In the meantime, both parties remain mired in litigation.  The most recent development in the case arrived in April, when the Texas Supreme Court determined that multiple trial exhibits presented by HouseCanary as evidence of trade secret misappropriation had been improperly sealed post-trial at HouseCanary’s request.  Accordingly, the very foundation of HouseCanary’s argument remains in serious question.  

Regardless of how Title Source v. HouseCanary is ultimately decided, however, anyone who can do basic math can see why HouseCanary’s litigation tactics provide such a tempting prospect.  If the company wins, they miraculously transform a $5 million dollar per year contract into a $740 million judgment in its favor.  If the company loses, they are short $5 million dollars but will have succeeded in tying up Amrock in litigation for the better part of a decade.  Given that HouseCanary has only raised $130 million in funding and that the company’s potential reward is more than one-hundred and forty times greater than its possible loss, alleging that Amrock stole trade secrets was a good business tactic – even if  unsavory.  That should concern us all.  
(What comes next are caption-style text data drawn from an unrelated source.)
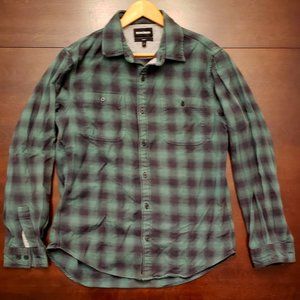 Bonobos Men's Long-Sleeved Flannel Button-Up Shirt - Green/Black - Medium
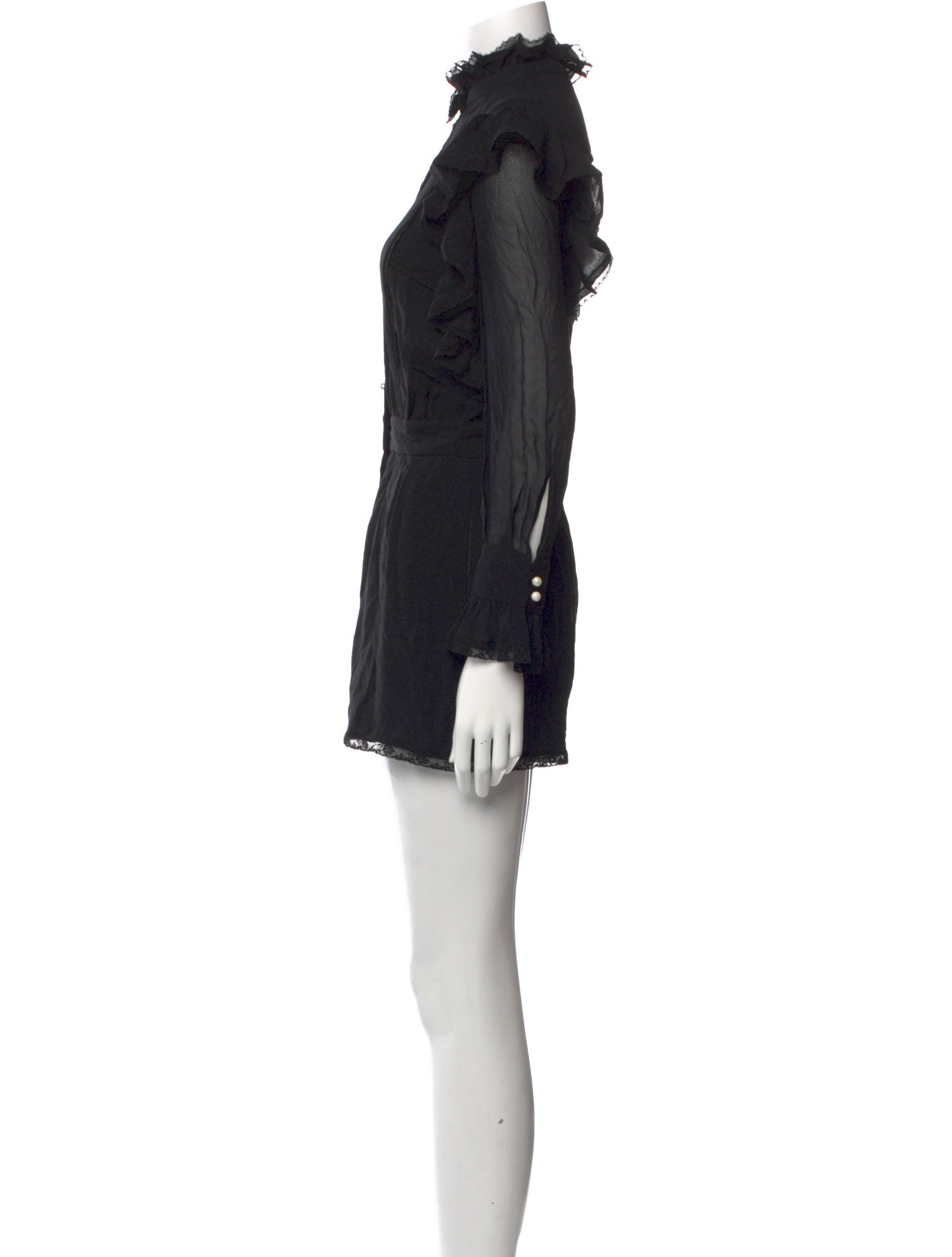 Philosophy di Lorenzo Serafini Silk Mock Neck Romper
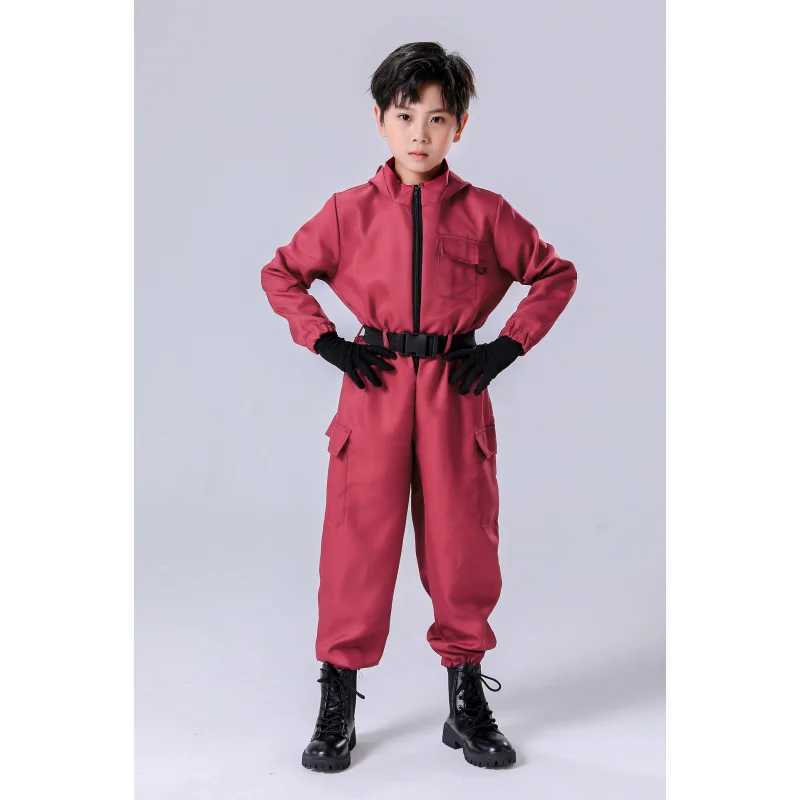 Halloween Paper Note House Cosplay Game Clothes Adult and Children Role Play Clown Onesie Performance Costumes W250117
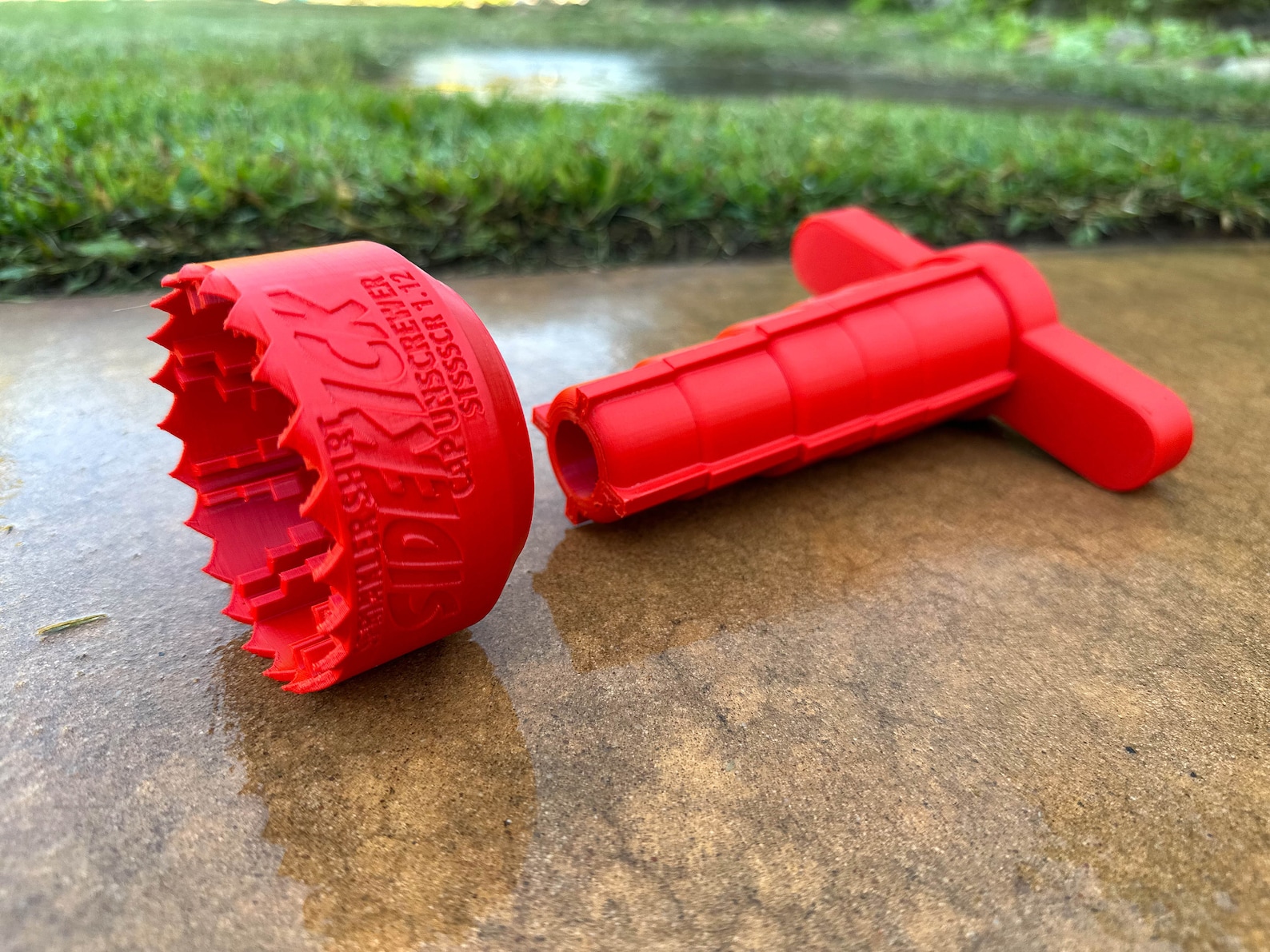 Sprinkler Head Irrigation Removal and Replacement 4in1 Tool Removes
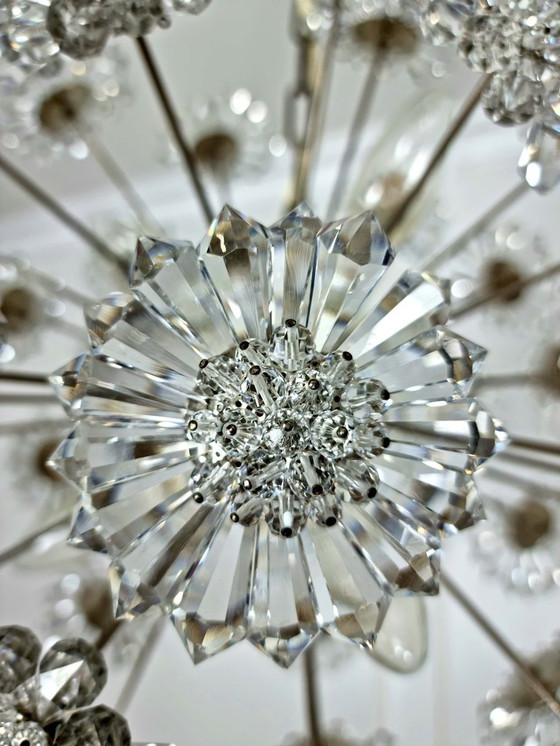 Image 1 of Mid-Century Modern Glass Sputnik Chandelier,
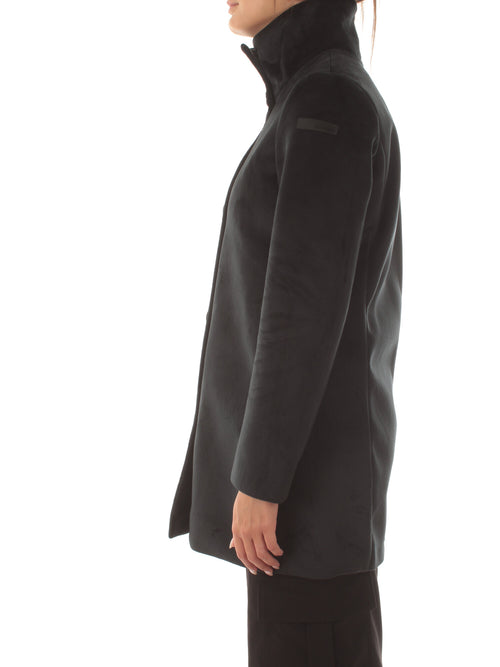 RRD-ROBERTO RICCI DESIGNS VELVET NEO COAT DA DONNA NERO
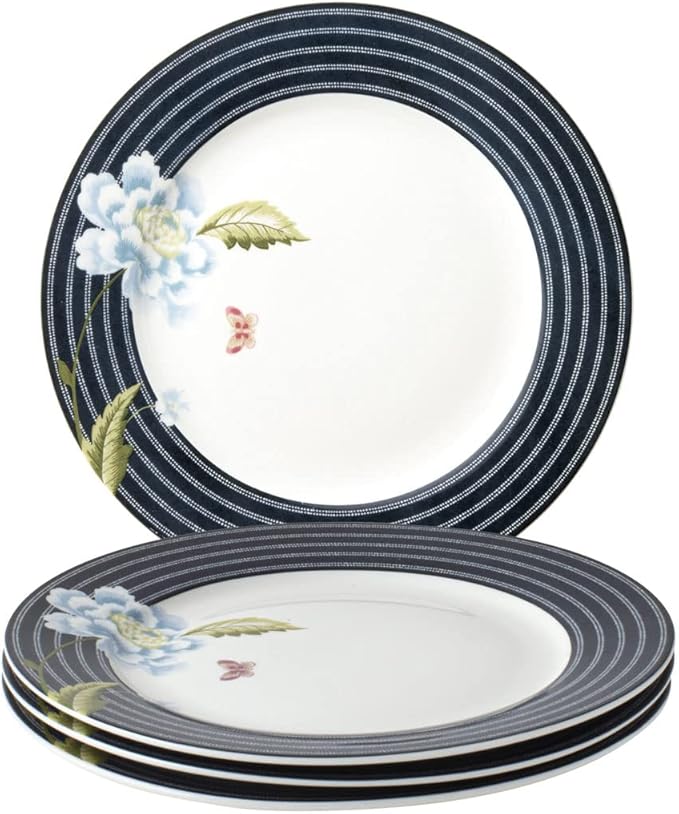 Laura Ashley Heritage Midnight Candy 10" Dinner Plate Set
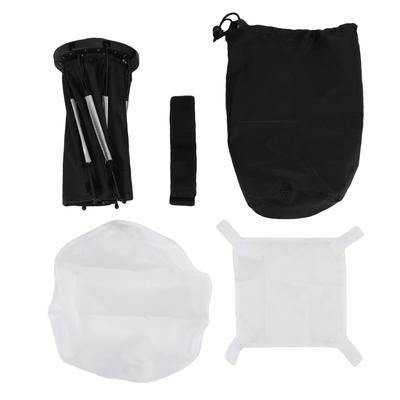 Octagonal Softbox Canvas 11.4 Inch Quick Folding Quick Set Up Flash Softbox with Storage Bag for Studio Video Light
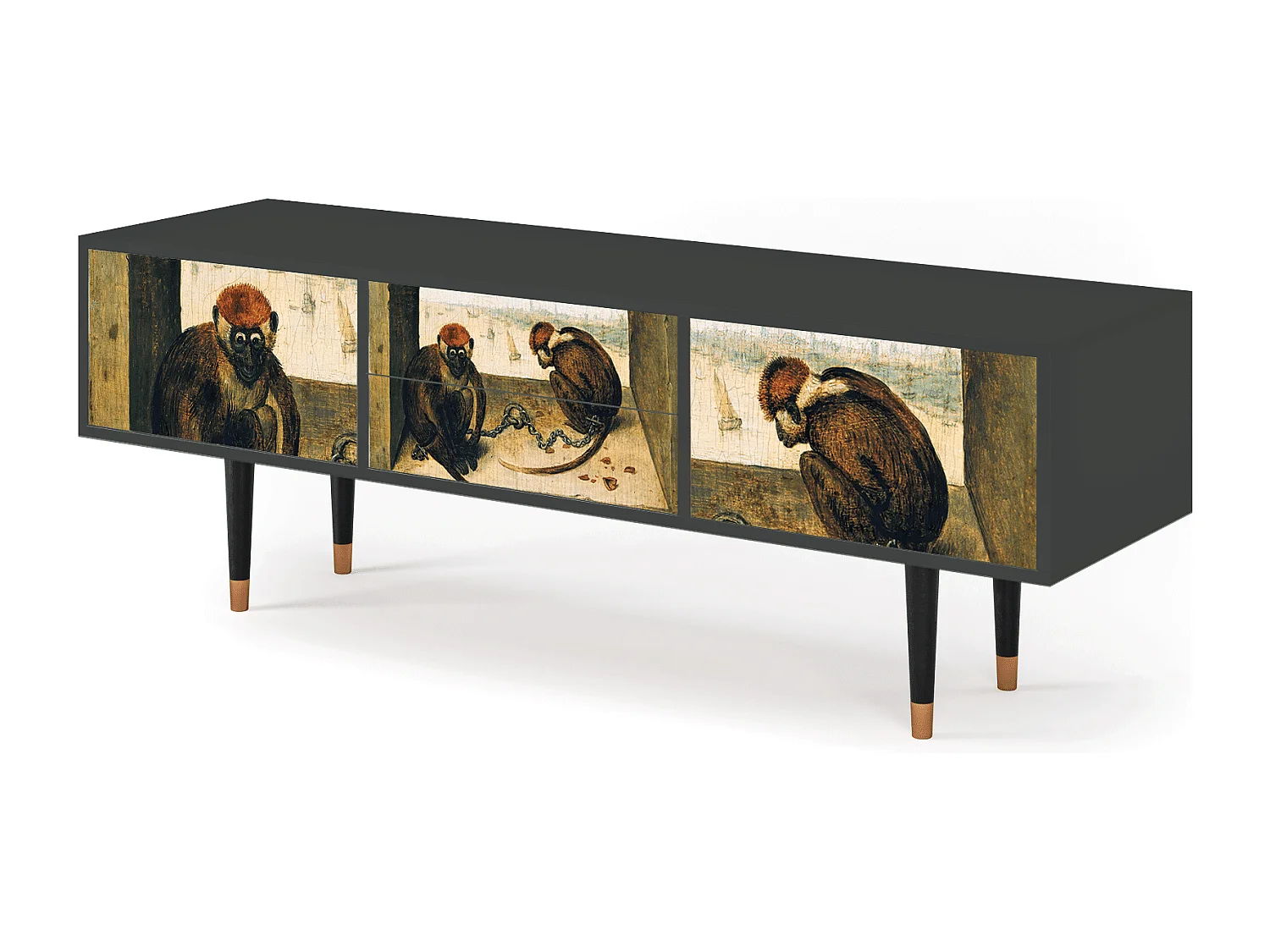 Meuble TV - 170х59х48 cm - T4 - Two Monkeys, Anthracite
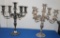 2 Tiffany Silver Candleabra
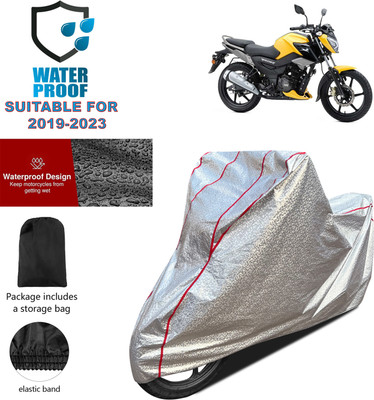 GOSHIV-car and bike accessories Waterproof Two Wheeler Cover for TVS(Raider, Silver)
If such litigation tactics are tolerated or even encouraged, companies will be incentivized to create and drag out spurious lawsuits so long as there is a financial incentive to do so.  Trade secret litigation is particularly vulnerable to this type of abuse, because of the high monetary value of verdicts and the technical complexity of cases, which makes it easier for juries to be convinced by rhetorically compelling but legally deficient arguments.  

Whatever the eventual outcome, Title Source v. HouseCanary serves as a warning that current legal mechanisms and frameworks surrounding trade secret litigation are too slow and too susceptible to manipulation to serve their intended purpose.  Trade secret protections and intellectual property rights promote innovation.  We mustn’t allow vexatious litigators to inhibit it.  


Timothy H. Lee is senior vice president of Legal & Public Affairs at the Center for Individual Freedom.